• Memory and cognition (ADAS-cog/MCI and CDR-SB scores) at 12 months and Global functional skills and the overall severity of dementia (the CDR-SB and the overall CDR) at 24 months.
  

• Brain atrophy assessed by MRI, Digit Symbol Coding, Alzheimer's Disease Cooperative Study-ADL scale (MCI version) at 24 months. Safety evaluations (adverse event reports, vital signs, laboratory tests, physical examination, electrocardiograms) thoughout.
  

This is an international, multicenter, double-blind, randomized, placebo-controlled trial. Following a 4 week screening period, patients with mild cognitive impairment (MCI), who are clinically at risk for development of Alzheimer's disease, will be randomized to treatment with either placebo or galantamine for 24 months with either placebo or a flexible dose of galantamine. Efficacy will be evaluated by measures of memory and cognition (Alzheimer's Disease Assessment Scale of cognition for MCI [ADAS-cog/MCI] and the Clinical Dementia Rating Sum of the Boxes [CDR-SB]), global severity of dementia (Clinical Dementia Rating [CDR]), functionality (Alzheimer's Disease Cooperative Study - Activities of Daily Living adapted to MCI [ADCS-ADL/MCI]), and changes on serial magnetic resonance imaging (MRI). Safety will be assessed using adverse event reports, vital signs, laboratory parameters, physical examination and electrocardiograms. The primary study hypothesis is that galantamine will improve memory deficits associated with mild cognitive impairment and therefore improve or stabilize the patient's cognitive abilities. A second study hypothesis is that treatment with galantamine slows or delays conversion of mild cognitive impairment to the dementia often associated with probable Alzheimer's disease in these patients.

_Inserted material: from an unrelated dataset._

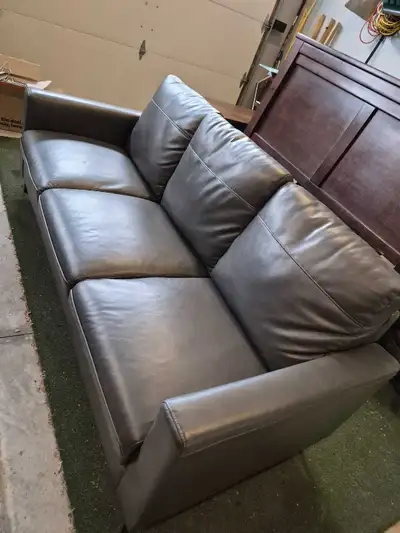 80" long by 34" deep grey leather sofa. In good condition, hardly used. Some small scratches from a...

The third study hypothesis is that the treatment will be well tolerated by the patients.

Galantamine hydrobromide immediate-release tablets (4, 8, and 12 milligrams (mg)) taken by mouth 2 times daily: 4 weeks at 8mg/day, 4 weeks at 16mg/day, increased to 24mg/day for the remainder of the 24-month trial. Dose may be reduced at investigator's discretion after 12 weeks.